#### Given records
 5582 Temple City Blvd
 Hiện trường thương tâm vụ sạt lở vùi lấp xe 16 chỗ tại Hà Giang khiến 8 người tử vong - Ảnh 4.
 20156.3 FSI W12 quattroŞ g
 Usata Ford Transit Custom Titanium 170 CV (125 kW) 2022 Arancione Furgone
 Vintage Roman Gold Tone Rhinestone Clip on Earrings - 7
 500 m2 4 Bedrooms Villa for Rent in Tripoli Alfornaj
==
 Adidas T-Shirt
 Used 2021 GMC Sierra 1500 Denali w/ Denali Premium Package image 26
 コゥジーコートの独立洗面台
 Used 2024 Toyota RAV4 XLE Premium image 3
==
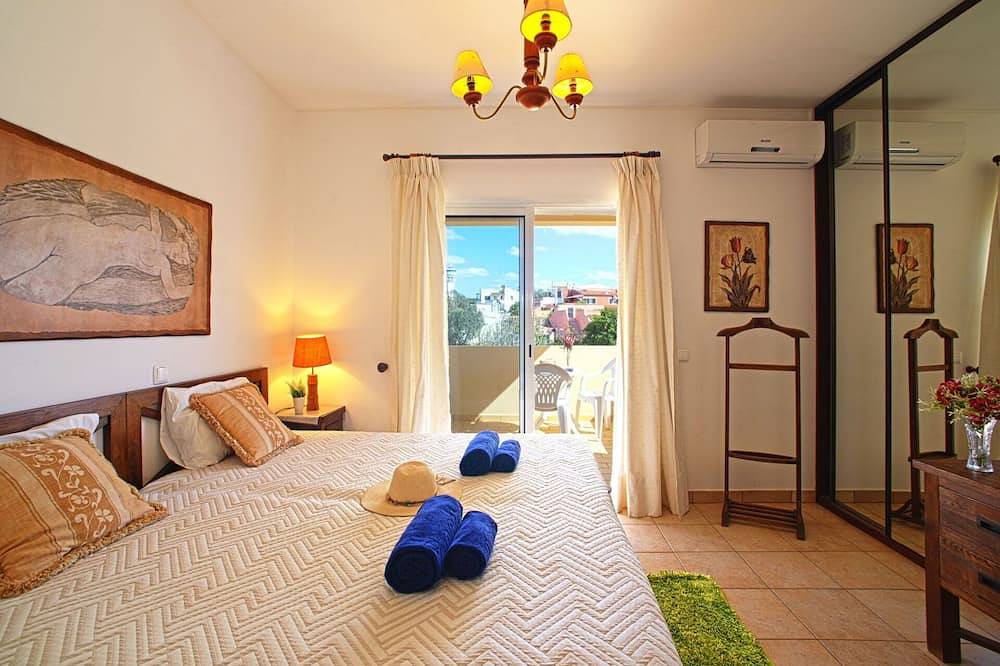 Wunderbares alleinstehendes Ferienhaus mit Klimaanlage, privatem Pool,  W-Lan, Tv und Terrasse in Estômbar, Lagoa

#### Assigned task
Give an exact copy of the lines above from the line with "Adidas T-Shirt" up to and including the line with "Used 2024 Toyota RAV4 XLE Premium image 3", and leave everything else out.

#### Exercise response
 Adidas T-Shirt
 Used 2021 GMC Sierra 1500 Denali w/ Denali Premium Package image 26
 コゥジーコートの独立洗面台
 Used 2024 Toyota RAV4 XLE Premium image 3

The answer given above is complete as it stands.